ASSIGNMENT:
Drop all pictures and repeat exactly the lines from the line holding "Sữa bột Vinamilk Sure Diecerna 400g" through the end of the records.

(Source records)

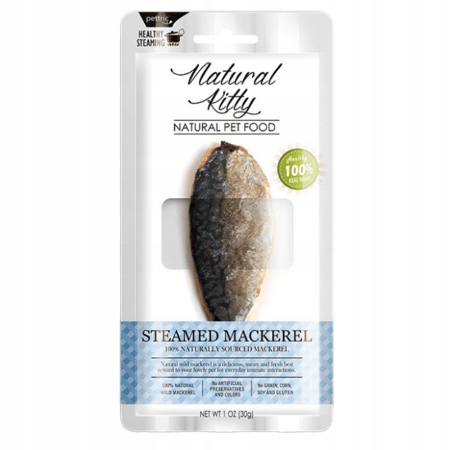 Levně Natural Kitty premium 100% psí pamlsek makrela na páře 24x30g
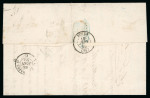 Stamp of France » Lettres Classiques 1859, rare surcharge DUCEL en bleu sur Napoléon Y&T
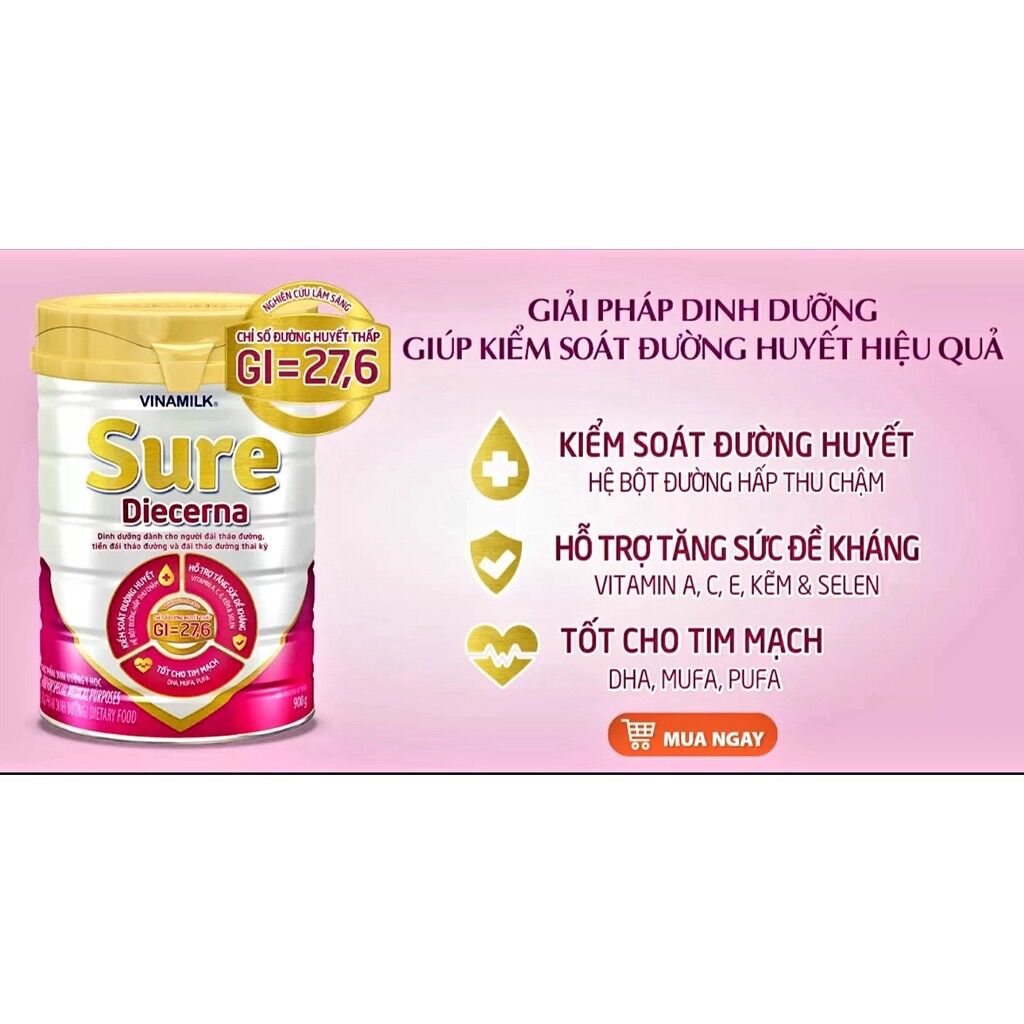 Sữa bột Vinamilk Sure Diecerna 400g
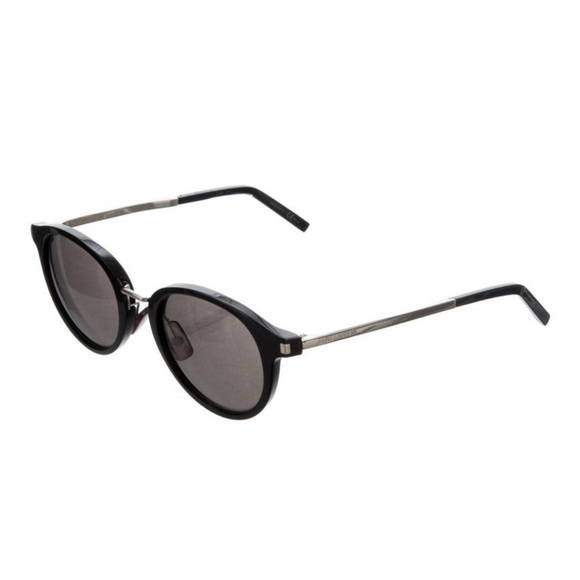 Saint Laurent Black Cat-Eye Glasses - Picture 2 of 5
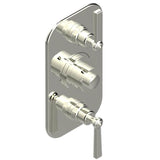 THG - Trim For Thg Thermostat 2 Volume Controls, Rough Part Supplied With Fixing Box Ref. 5 400ae/us - Nickel Polished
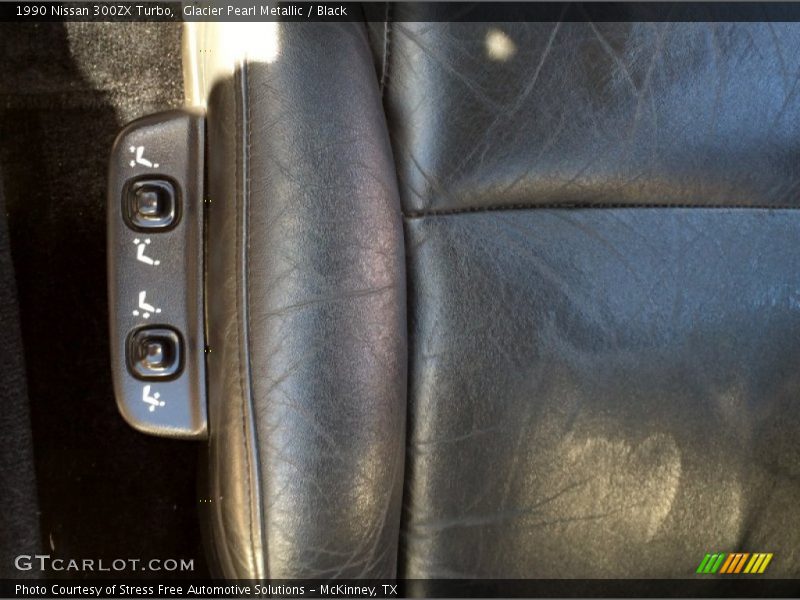 Glacier Pearl Metallic / Black 1990 Nissan 300ZX Turbo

RESULT:
 Sữa bột Vinamilk Sure Diecerna 400g
 Saint Laurent Black Cat-Eye Glasses - Picture 2 of 5
 THG - Trim For Thg Thermostat 2 Volume Controls, Rough Part Supplied With Fixing Box Ref. 5 400ae/us - Nickel Polished
 Glacier Pearl Metallic / Black 1990 Nissan 300ZX Turbo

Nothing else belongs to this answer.